Also, I have to point out that Section 8 of the bill prevents any other governmental body from reviewing or revoking its decisions in direct contravention of the Constitution and the Administrative Procedure Act. Isn't this kind of unchecked authority what landed us in this mess in the first place? This goes without even raising the concern of this section setting a precedent for permitting the President or one of his subsidiary entities from opting out of review and regulation. Could you imagine what would happen if the next version of the PATRIOT Act permitted the Secretary of Defense this kind of Deference?
The bill has some other interesting ramifications as well. It will be able to get funding under only one part of the US Code not withstanding the restrictions of other sections esbalished by Congress.
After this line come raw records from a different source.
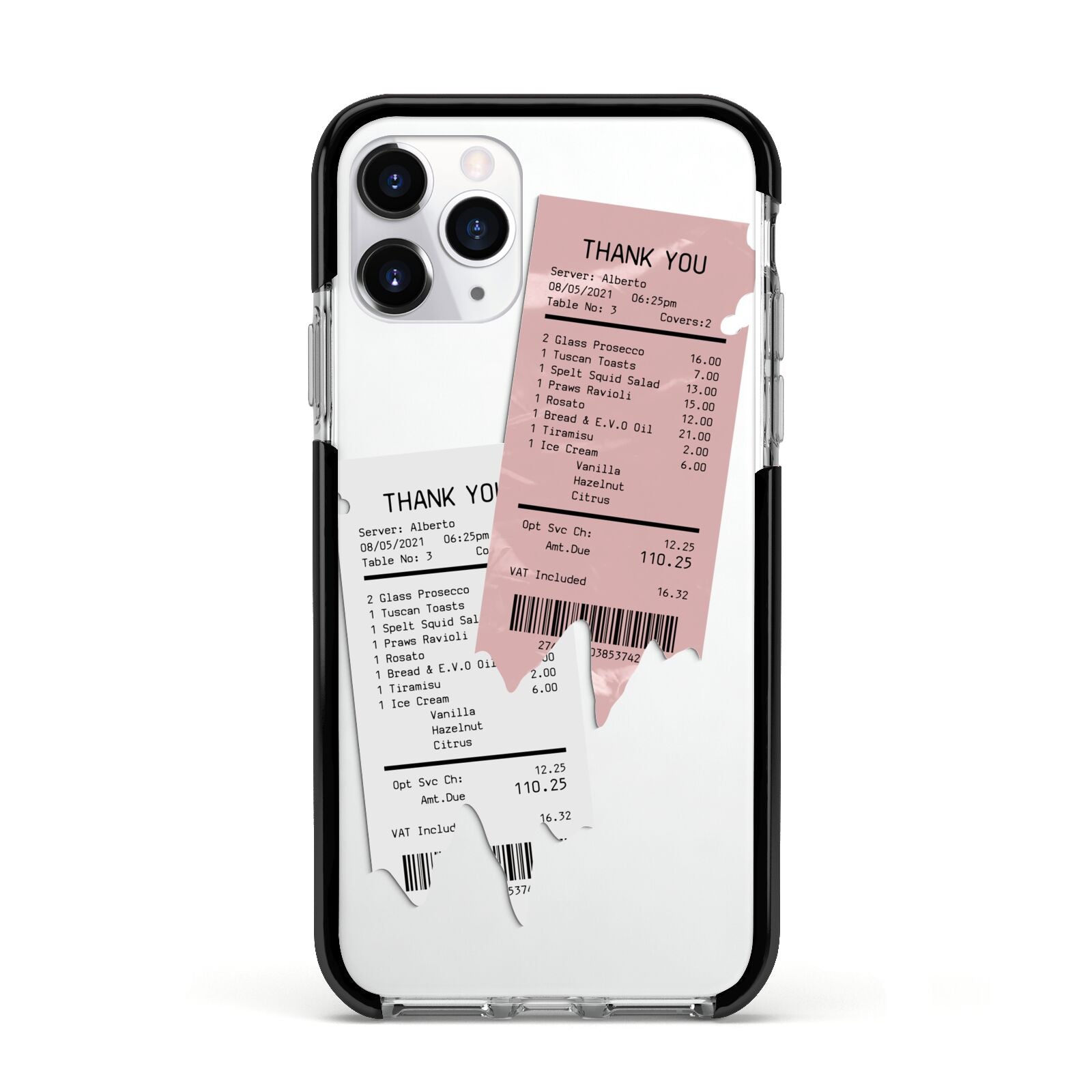 Restaurant Receipts Apple iPhone 11 Pro in Silver with Black Impact Case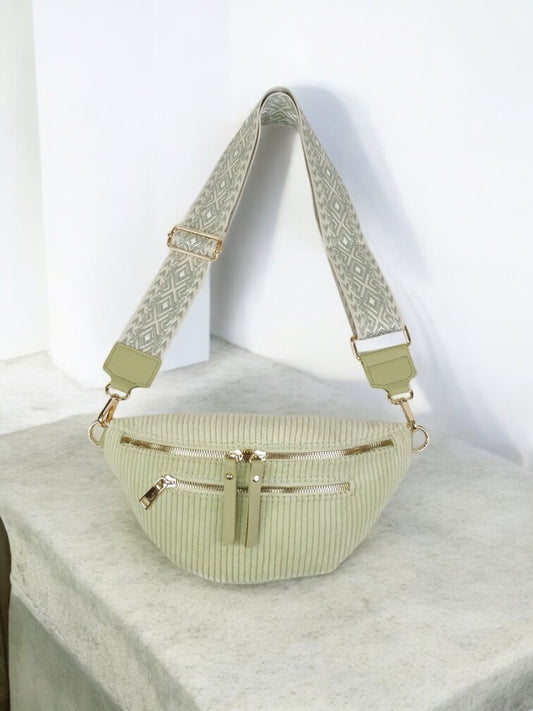 Nouveautés - Sac banane velours côtelé 2 poches vert clair sangle fantaisie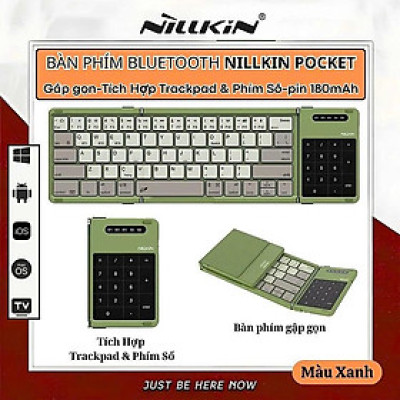 Bàn phím gấp gọn di động không dây bluetooth V5.2 tích hợp trackpad & phím số hiệu Nillkin Cube Pocket - Nhỏ gọn, mỏng nhẹ, phím tắt thông minh, hỗ trợ Androids & iOS, gõ thoải mái cho iPad cho iPhone, máy tính bảng, cho macbook, laptop - hàng nhập khẩu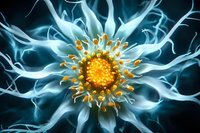 Glowing abstract macro flower with bright yellow center and ethereal blue petals radiating outward against dark background, creating dramatic lighting effect.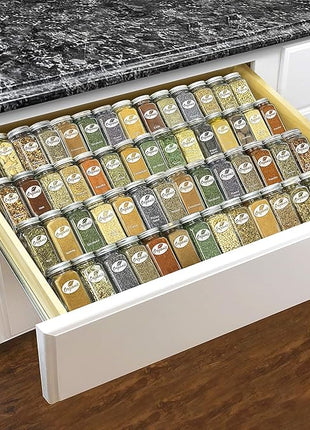LYNK PROFESSIONAL® Expandable Organizer - Heavy Gauge Steel 4 Tier Spice Rack Insert Tray for Spice Jars, Herbs and Seasoning - Kitchen Cabinet Drawer Storage - Silver Metallic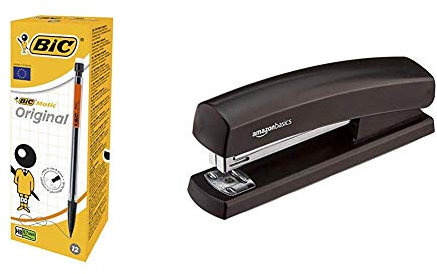 BIC Matic Original Porte-Mines - 0,7 mm HB, Boîte de 12 & Amazon Basics Agrafeuse avec 1000 agrafes Noir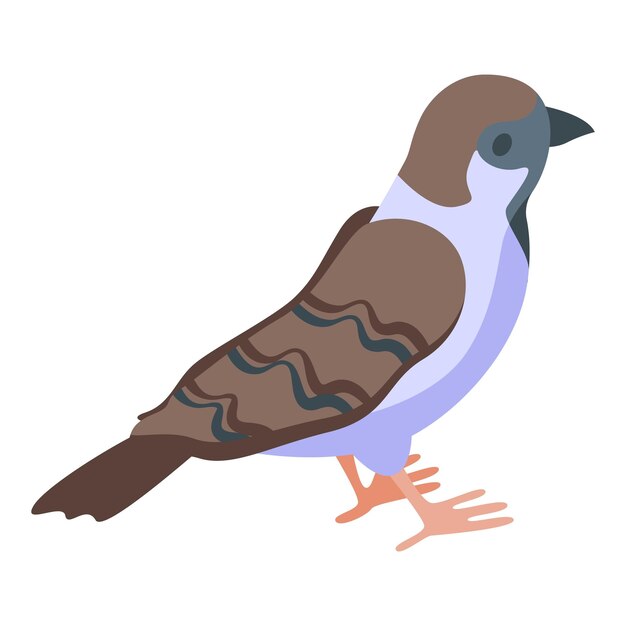 Vector small sparrow icon isometric vector brown bird fly tree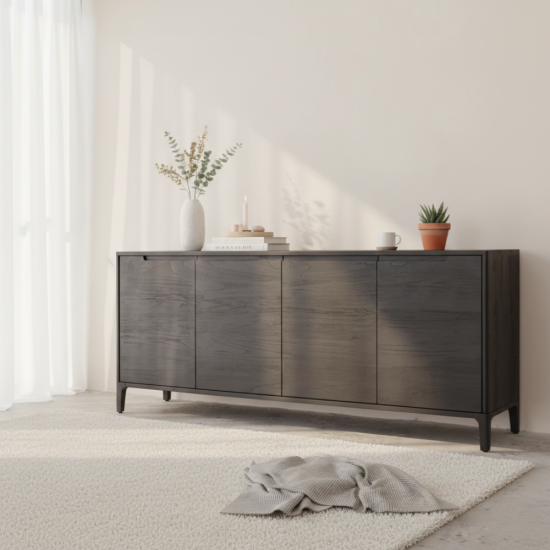 Nero Rustic Reclaimed Teak Sideboard Black Nero Rustic Reclaimed Teak Sideboard Black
In addition funds will be raised by buying and selling mortgage backed securities. Is it me, or does it sound like the Executive Branch just opted the whole of the American Electorate into a joint mortgage backed securities investment firm? With the current state of the markets, that doesn't sound like it will protect the American Taxpayer or stabilize the markets (the considerations the secretary of this new administrative body is legislatively bound to take pursuant to Section 3 of the bill). In addition, this new found ability to acquire and secure mortgages and mortgage securities sounds a lot like what Fannie and Freddie were doing before their "takeover". It is almost as if these financial firms were taken over by the Executive in a legislatively backed adminstrative fiat. I shudder to think of the exposure of the average American, many of us reeling from current state of the economy.
The bottom line: This probably isn't a good move. First, deregulation proposed by the Bush administration got us into this mess. The conflagration grew as a result of the Federal Reserve attempting to control deflation by keeping interest rates very low. The economy boomed because of this loose liquidity. The government, namely the President, kept spending, too, racking up unheard of amounts of national debt thanks to a war no one wanted but the President wanted in the first place.
Why should we permit the Executive branch, who so thoroughly managed to put us in this situation, dig the taxpayers into a deeper hole through more bad policy and economic centralization?
I wouldn't go so far as to call this the next step on the way to a Fascist American government, but it certainly won't help anyone any more than if it were.